Abstract
Background
Anti-Her-2 treatment is successfully administered to Her-2 overexpressing breast cancer patients and significantly implicates upon their survival. Building on these promising results, anti-Her-2 treatment protocols were tested as an option for epithelial ovarian cancer (EOC) as well. However Her-2 signalling is known to be modulated by G-protein coupled receptors (GPCR). Since a common GPCR in ovarian cancer is the FSH receptor (FSHR), we investigated the prognostic significance of Her-2 in patients that had been stratified according to their FSHR status.
Findings
A total number of 153 EOC patients were included in this study. Her-2 positivity was assessed using a standard protocol. Intriguingly Her-2 turned out to be an independent prognostic marker for poor overall survival only in those patients that did not express FSHR. This did neither apply for the whole panel nor in case of FSHR co-expression.
Conclusions
We thus conclude that Her-2 can be a negative prognosticator only in FSHR negative EOC cases. Hence by stratifying EOC patients according to their FSHR expression status, we introduce a diagnostic protocol to effectively select EOC patients that would most probably respond to anti-Her-2 treatment.
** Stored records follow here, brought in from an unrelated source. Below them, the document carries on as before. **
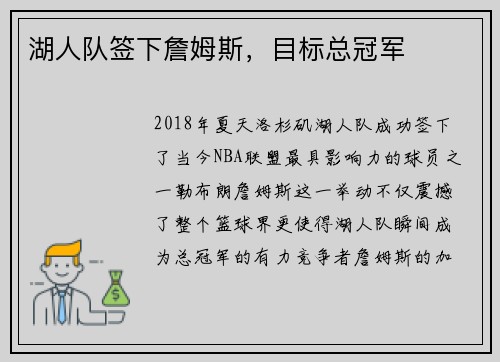 湖人队签下詹姆斯，目标总冠军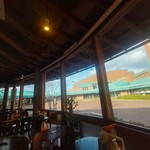 カフェテリア アメニティ - カフェテリアからパレットおおさきを望む。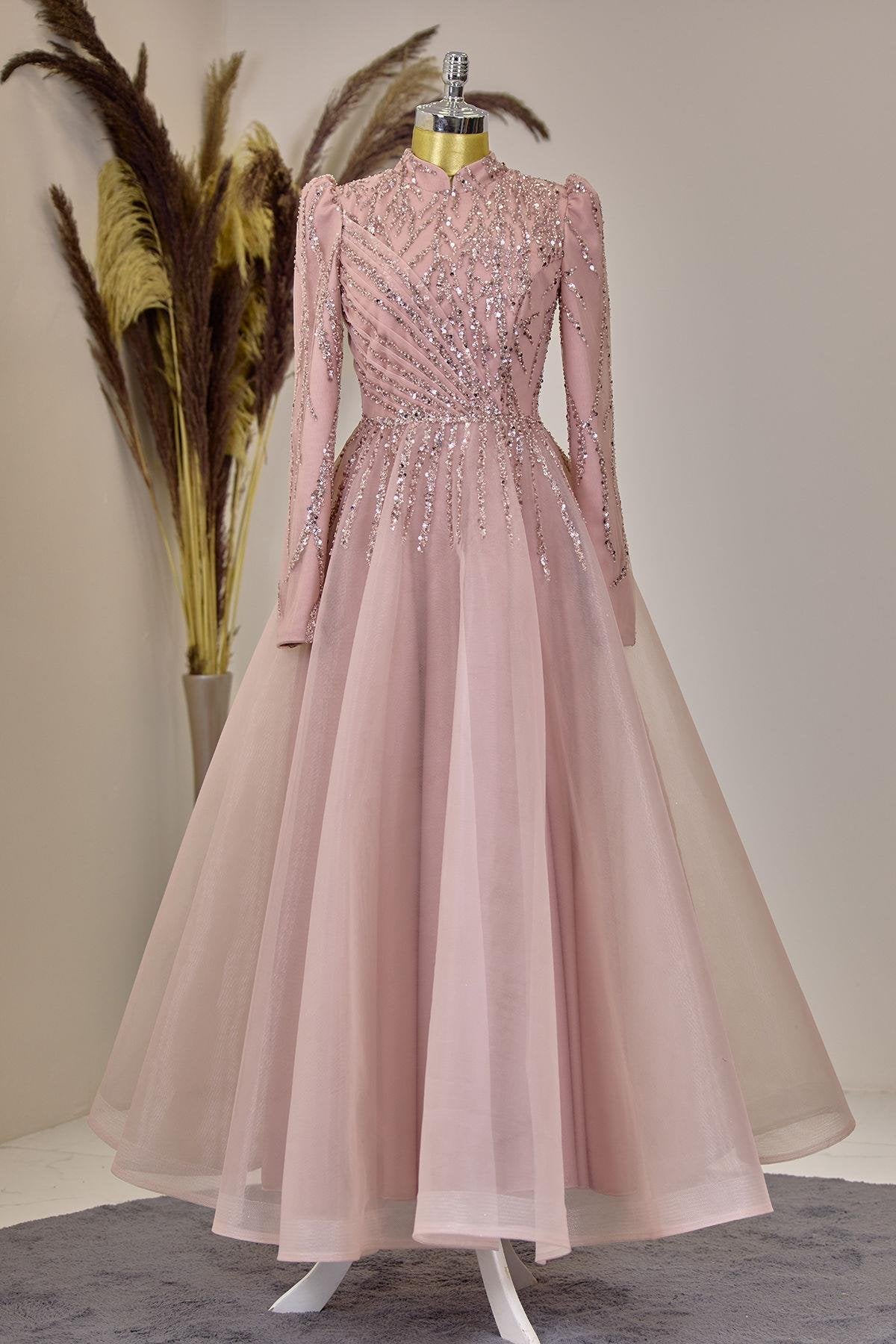 Mila Abiye Tesettür - FioraofDress - tesettur - abiye - Somon - 38 - hijab - evening - dress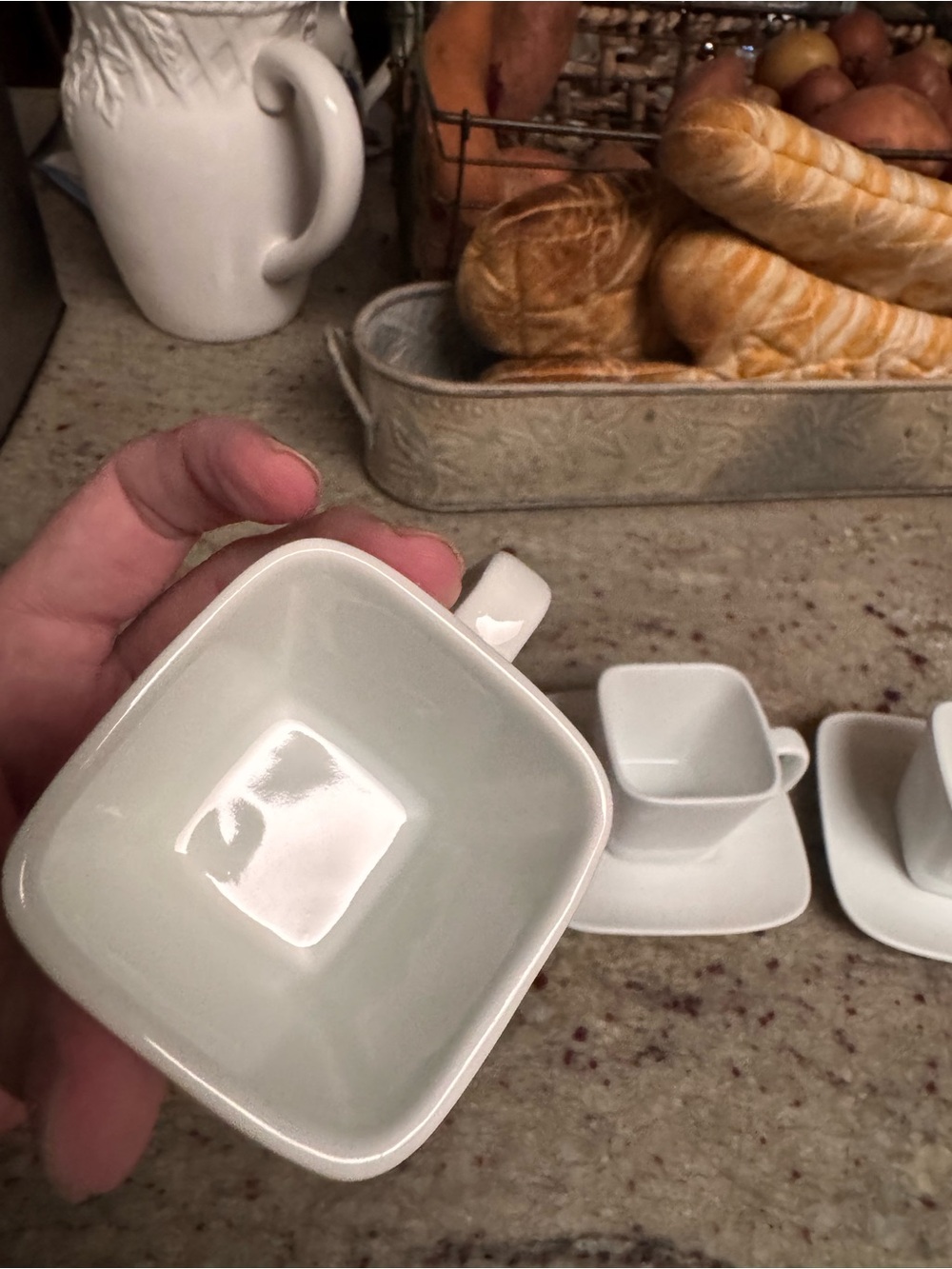 Crate&Barrel White Square Porcelain Espresso Cup & Saucer Trio - Picture 3 of 7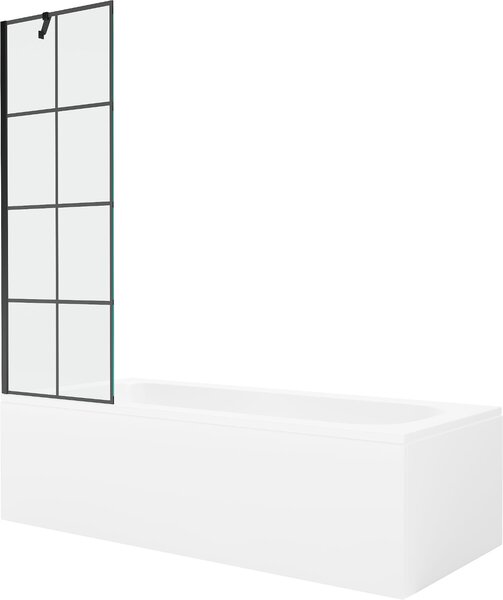 Mexen Vega téglalap alakú fürdőkád 150 x 70 cm burkolattal és 1-szárnyas paravánnal 60 cm, fekete mintával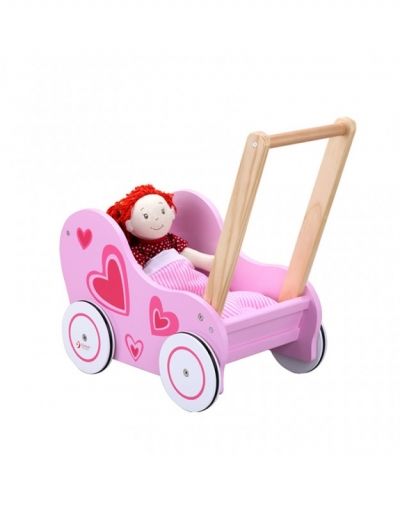 classic world, детска, дървена, количка, за, кукли, розова, игра, игри, играчка, играчки
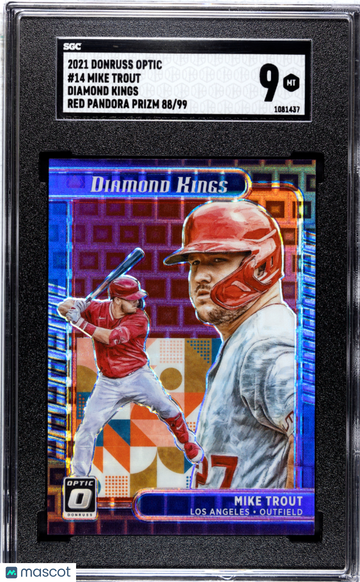 Graded SGC 9 2021 Donruss Optic Mike Trout #14 Diamond Kings Red Pandora Prizm Baseball Card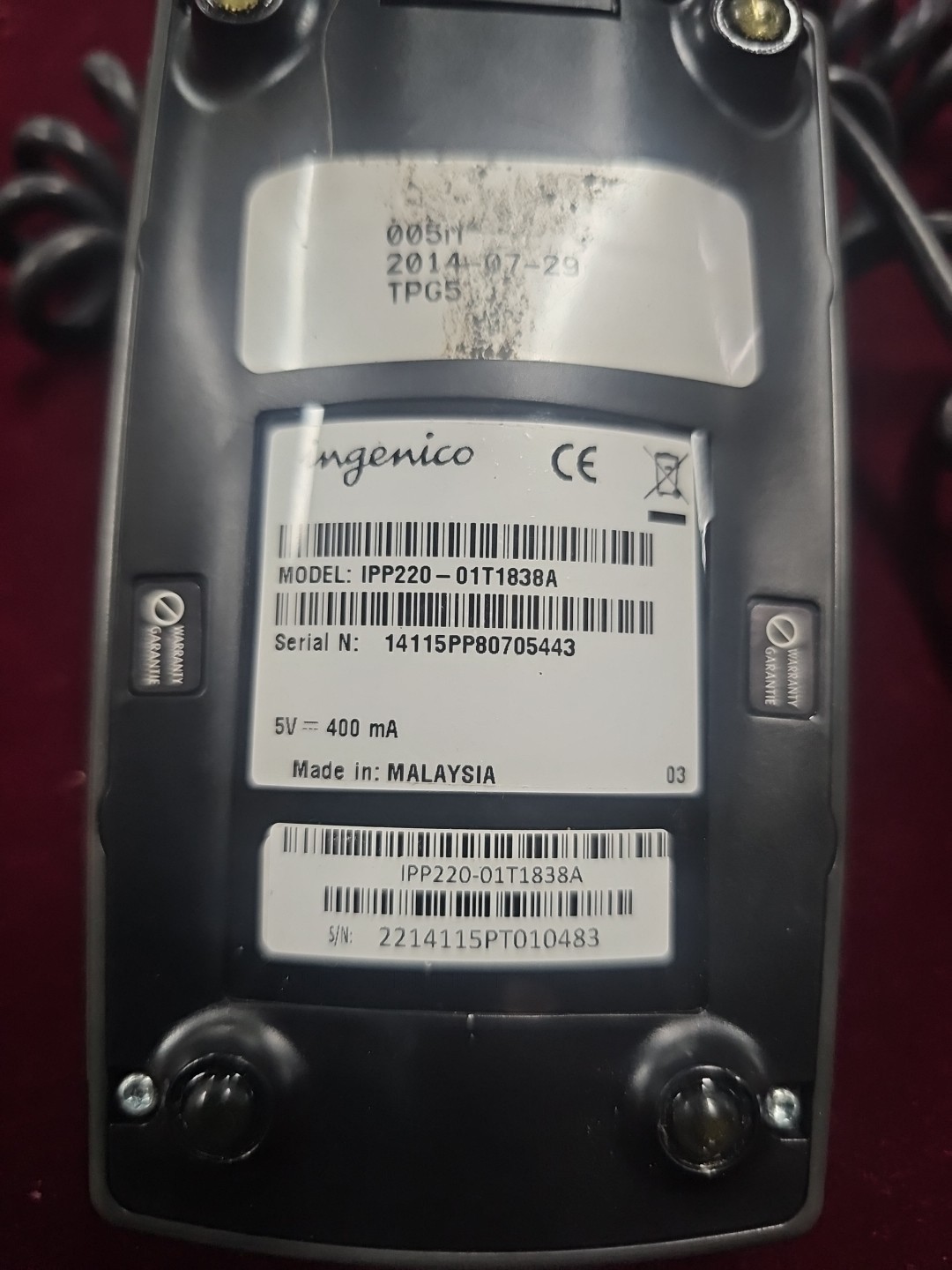 Ingenico iPP220 Payment Terminal With Cord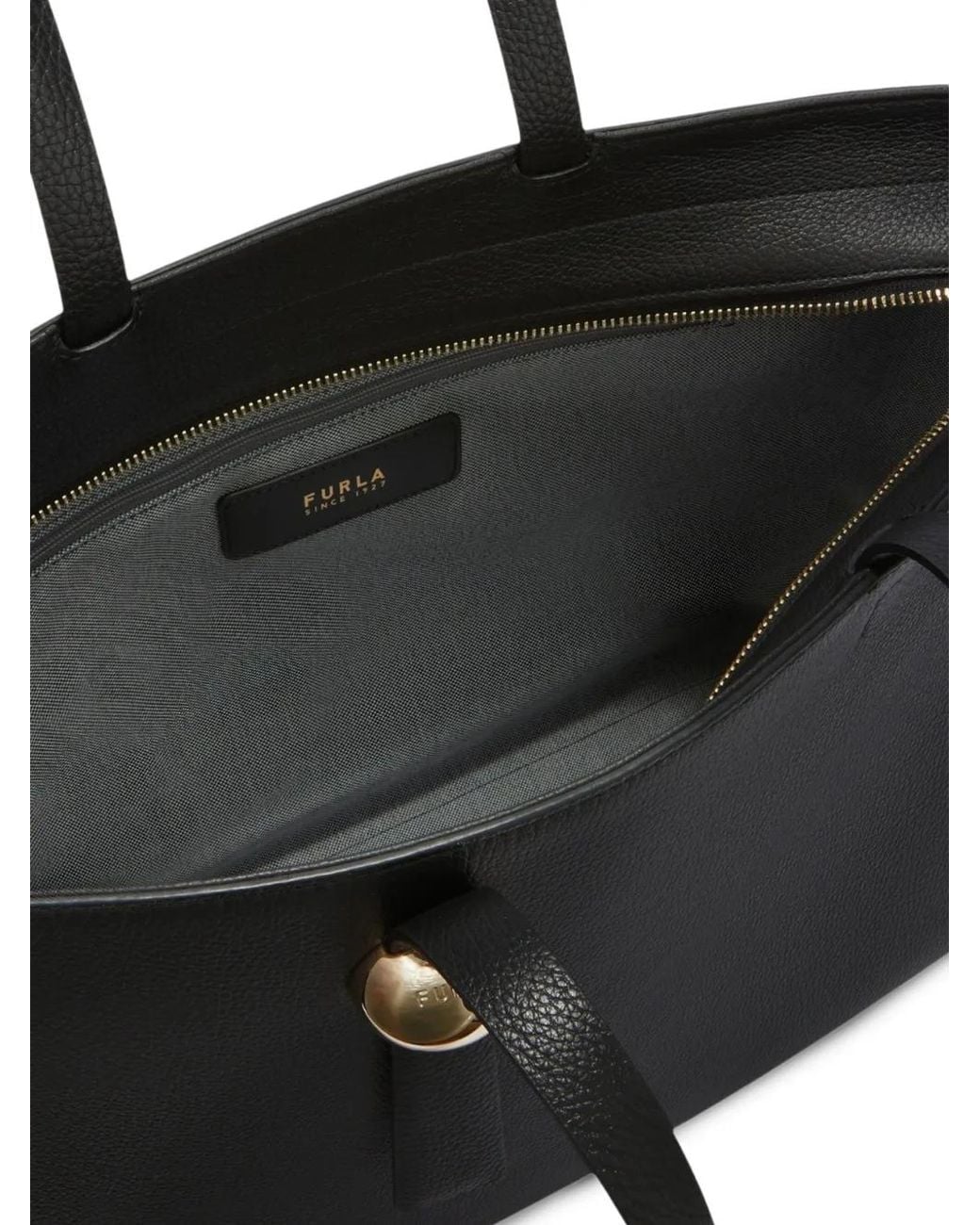 Furla Black Logo-Engraved Pebble-Texture Tote Bag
This observation could be of clinical importance in terms of selecting the patient that would most likely benefit from anti-Her-2 treatment.
Findings
Background
The anti-Her-2 treatment is widely accepted in treating Her-2 expressing breast carcinoma cases, with a significant implication upon their survival [1]. These successful results triggered the optimistic hypothesis that anti-Her-2 treatment could be an option against any carcinoma expressing Her-2. The last decade epithelial ovarian cancer (EOC) has been reported as potentially Her-2 expressing, with a positivity ranging from 4.9% to 70.4% [2, 3]. However its role in EOC survival is at least controversial. Despite this controversy and due to the significant impact of anti-Her-2 treatment on breast cancer, several groups have studied the role of trastuzumab or pertuzumab in Her-2 expressing EOC patients [4, 5]. Interestingly, Her-2 has been reported as interacting with G-protein coupled receptors (GPCRs), both at a signalling and an extracellular level [6]. Of note is the fact that EOC has been reported as widely expressing follicle stimulating hormone receptor (FSHR) [7]. The FSHR expression has been found as a negative prognosticator in EOC patients [7]. Considering the interaction of Her-2 and FSH as possible, we have studied the effect of Her-2 in survival of EOC patients by stratifying them according to their FSHR status.
Patients and methods
Formalin fixed paraffin embedded (FFPE) tissue of 153 EOC patients (mean age: 58.71 years) who had undergone surgery for EOC from 1990 to 2002 at our department were analysed. Histological characterization (serous: n = 108, mucinous: n = 12, endometrioid: n = 21, clear cell: n = 12) and WHO tumour grading (G1: n = 36, G2: n = 52, G3: n = 53) was performed by an experienced gynaecological pathologist (DM). Data on FIGO stage (I: n = 34, II: n = 9, III: n = 102, IV: n = 3) and survival (median: 3.41 years; deaths: n = 103) were available. Patients staged as FIGO II - IV received carboplatin/paclitaxel as an adjuvant chemotherapy. The study was carried out in compliance with the guidelines of the Helsinki Declaration (1975) and was approved by the Ethics Committee of the Ludwig-Maximilians-University of Munich.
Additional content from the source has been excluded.